Differences in fracture risk among races have largely been attributed to differences in bone mineral density (BMD). The data are most abundant between African American and Caucasian individuals, with limited information in other racial and ethnic groups. Newer data suggest that other aspects of bone quality, apart from areal BMD, are important in explaining racial differences in fracture risk.
Many studies indicate racial differences in areal bone mineral density (aBMD). African-Americans tend to have the greatest aBMD, followed by Caucasian, Hispanic and Native Americans. Asian Americans, on average, have the lowest aBMD. Differences in aBMD are attenuated when adjustments are made for bone size, weight and lifestyle factors. While many studies have focused on racial differences in bone density, it is important to consider fracture risk since it is the clinically meaningful outcome and is determined by many factors other than bone density. African- and Asian-Americans have a relatively low risk of fracture compared to other groups, despite drastically different bone density, as measured by dual X-ray absorptiometry (DXA). Factors that cannot be completely evaluated by DXA, such as bone size, volumetric density, bone microarchitecture and turnover may be important in explaining disparate fracture rates. Newer technologies such as central quantitative computed tomography (CT) and high-resolution peripheral CT promise to contribute important knowledge in this regard. Despite recent advances, more fracture risk data is needed for non-Caucasian groups to assist in the development of relevant screening and treatment guidelines.
RACIAL DIFFERENCES IN BONE DENSITY
Available data indicate that African American men and women have higher bone density as measured by dual energy X-ray absorptiometry (DXA) than other racial groups, including Caucasian, Asian, Hispanic and Native Americans.1 Since DXA is a two-dimensional measurement (g/cm2), we will refer to such measurements as areal BMD (aBMD). The greater BMD among African Americans is attenuated, but still persists, when the data are adjusted for weight, bone size (by calculating bone mineral apparent density) and other covariates, such as physical activity, calcium intake, smoking and alcohol use.2,3 The higher bone mass observed in African American individuals may be due to more favourable calcium absorption and retention,4 along with differences in other genetic factors that govern acquisition of peak bone mass. While African Americans tend to have lower 25-hydroxyvitamin D levels5 and similar6 or higher5 parathyroid hormone (PTH) levels, sensitivity to the resorptive effects of PTH may be reduced.7 Histomorphometric studies also indicate that premenopausal African American women have a lower rate of mineralized matrix apposition and longer formation period than Caucasians. These mechanisms may lead to greater deposition of bone mineral,6 and perhaps, bone of higher quality.
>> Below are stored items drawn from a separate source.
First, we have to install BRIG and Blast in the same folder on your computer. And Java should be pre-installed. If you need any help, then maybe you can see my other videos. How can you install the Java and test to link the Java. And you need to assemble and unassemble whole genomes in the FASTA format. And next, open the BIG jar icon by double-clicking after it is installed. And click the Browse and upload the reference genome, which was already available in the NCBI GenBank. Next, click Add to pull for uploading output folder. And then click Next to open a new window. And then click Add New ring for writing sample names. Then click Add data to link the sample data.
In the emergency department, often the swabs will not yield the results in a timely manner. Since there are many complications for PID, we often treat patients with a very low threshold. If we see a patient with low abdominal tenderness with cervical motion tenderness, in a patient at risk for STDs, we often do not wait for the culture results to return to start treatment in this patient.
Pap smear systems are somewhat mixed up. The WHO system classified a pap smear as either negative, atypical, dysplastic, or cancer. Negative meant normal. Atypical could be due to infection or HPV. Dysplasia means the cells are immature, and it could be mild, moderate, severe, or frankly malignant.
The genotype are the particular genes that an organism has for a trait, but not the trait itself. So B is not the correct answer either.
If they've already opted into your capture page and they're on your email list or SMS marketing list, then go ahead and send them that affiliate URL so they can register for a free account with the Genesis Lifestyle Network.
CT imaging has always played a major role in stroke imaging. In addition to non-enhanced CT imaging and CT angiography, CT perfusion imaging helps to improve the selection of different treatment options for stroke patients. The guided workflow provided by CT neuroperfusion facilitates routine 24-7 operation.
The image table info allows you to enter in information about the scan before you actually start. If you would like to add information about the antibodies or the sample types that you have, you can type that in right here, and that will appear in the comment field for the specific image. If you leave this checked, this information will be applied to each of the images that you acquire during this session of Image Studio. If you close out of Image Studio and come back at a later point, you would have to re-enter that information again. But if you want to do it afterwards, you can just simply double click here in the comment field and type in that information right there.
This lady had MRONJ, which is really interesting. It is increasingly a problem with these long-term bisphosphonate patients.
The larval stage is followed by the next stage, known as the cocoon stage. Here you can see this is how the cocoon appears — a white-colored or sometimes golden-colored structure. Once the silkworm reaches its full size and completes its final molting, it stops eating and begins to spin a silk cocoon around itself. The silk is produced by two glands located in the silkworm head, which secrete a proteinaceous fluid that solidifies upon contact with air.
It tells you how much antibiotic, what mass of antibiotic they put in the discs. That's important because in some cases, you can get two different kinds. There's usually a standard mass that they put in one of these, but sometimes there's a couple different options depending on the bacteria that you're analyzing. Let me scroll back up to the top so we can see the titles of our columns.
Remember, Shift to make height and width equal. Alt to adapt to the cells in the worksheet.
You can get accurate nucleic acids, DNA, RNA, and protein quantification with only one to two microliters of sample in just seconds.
Most studies indicate that Hispanic Americans have similar3,8,9 or slightly higher10 bone density as compared to Caucasians. One recent study noted slightly lower bone density in a group of Hispanic American women of different ethnic backgrounds compared to Caucasians. Unlike some prior studies, bone density values were adjusted for risk factor covariates, which may explain the disparity.1 The majority of investigations in the Hispanic community have focused on Mexican Americans, with much less data available in other Hispanic groups. We have studied a female Hispanic population from the Dominican Republic residing in New York City. This group has higher aBMD, unadjusted for weight, as compared to Caucasian reference values at the femoral neck and total hip. Areal BMD in Dominican Americans may also be higher compared to Mexican American reference values at the total hip across some age ranges.11
Studies in Asian populations have demonstrated lower aBMD in comparison to Caucasians12–14 and other racial groups.1,2 Weight or bone size explains the majority of these differences.2,15 Moreover, some data suggest that when adjustments are made for differences in bone size and other covariates,2,16 BMD is actually greater among individuals of Chinese descent.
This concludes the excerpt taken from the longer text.